Action item ▸ Where a picture appears, omit it; repeat everything else in the records exactly.

Supplied entries ▸
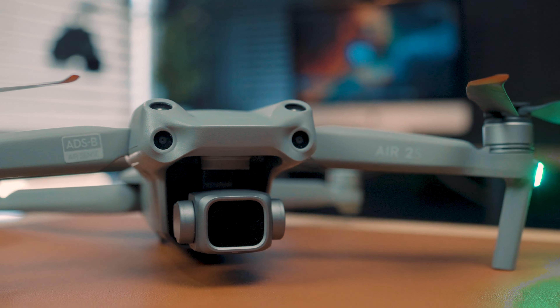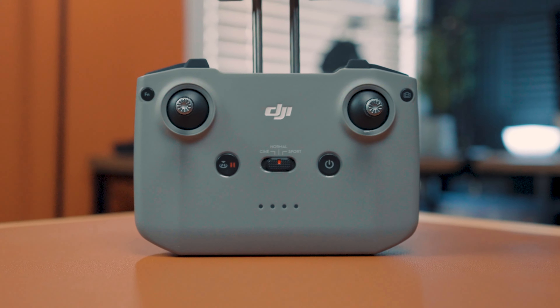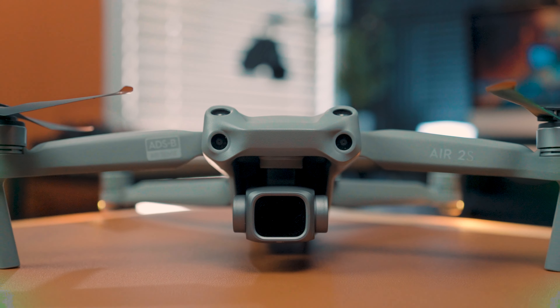Let's review the DJI Air 2S. I'm not going to get into the technical specs — you can find those on DJI's website. What I am going to cover are the features I use on a daily basis: what I like about it, what I don't like about it, and my overall experience with it. So let's get started.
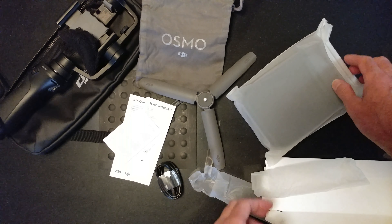Let's see what we got. Cord, charger, extra grips, directions, and a soft case.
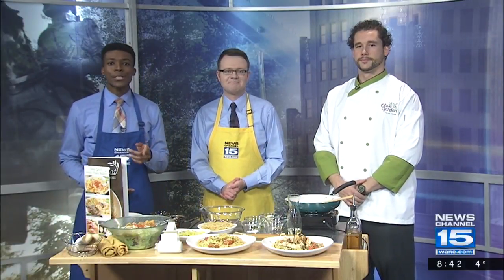One of the most popular New Year's resolutions is to eat healthier, but you don't have to look so far if you want to eat healthy because we've got Tate Applegate from Olive Garden here in Fort Wayne. Thanks so much for coming in this morning again, Tate. It's my pleasure.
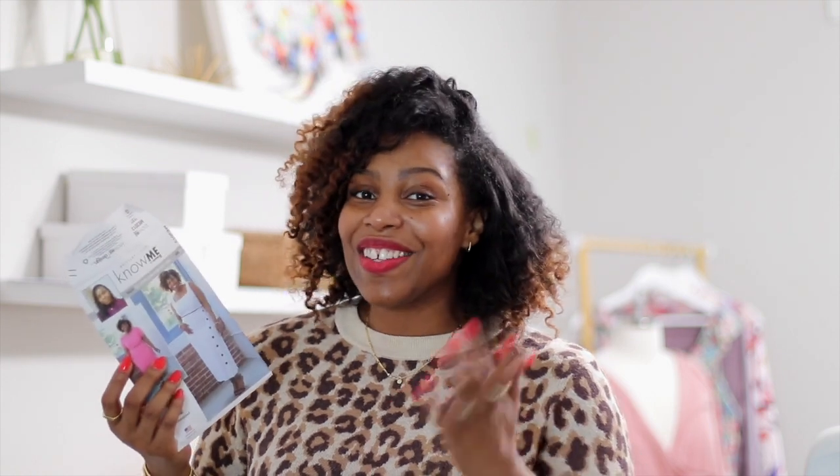In today's video we are going to be sewing the skirt on my new early spring pattern Know Me 2013. I'm going to be making the short version of the skirt in this video, but if you want to make the long view the steps are still the same, you just have a little bit more fabric to work with. So go ahead and cut out your pattern, cut out your fabric, transfer all your markings and let's start sewing.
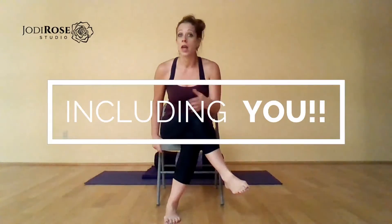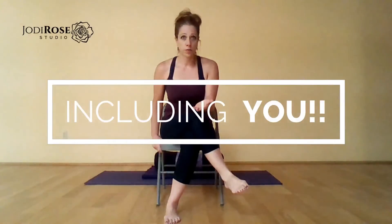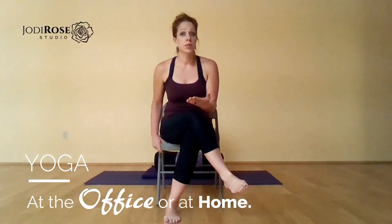Chair yoga is an awesome way to make yoga accessible to anybody, anywhere, anytime. You can do it from your office. You can do it from your home. And many of the same shapes that we would do on the floor or from a seated position on the floor, you can do with the ease and stability of a folding chair, a stool, or your kitchen chair.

Your solution ▸
Let's review the DJI Air 2S. I'm not going to get into the technical specs — you can find those on DJI's website. What I am going to cover are the features I use on a daily basis: what I like about it, what I don't like about it, and my overall experience with it. So let's get started.
Let's see what we got. Cord, charger, extra grips, directions, and a soft case.
One of the most popular New Year's resolutions is to eat healthier, but you don't have to look so far if you want to eat healthy because we've got Tate Applegate from Olive Garden here in Fort Wayne. Thanks so much for coming in this morning again, Tate. It's my pleasure.
In today's video we are going to be sewing the skirt on my new early spring pattern Know Me 2013. I'm going to be making the short version of the skirt in this video, but if you want to make the long view the steps are still the same, you just have a little bit more fabric to work with. So go ahead and cut out your pattern, cut out your fabric, transfer all your markings and let's start sewing.
Chair yoga is an awesome way to make yoga accessible to anybody, anywhere, anytime. You can do it from your office. You can do it from your home. And many of the same shapes that we would do on the floor or from a seated position on the floor, you can do with the ease and stability of a folding chair, a stool, or your kitchen chair.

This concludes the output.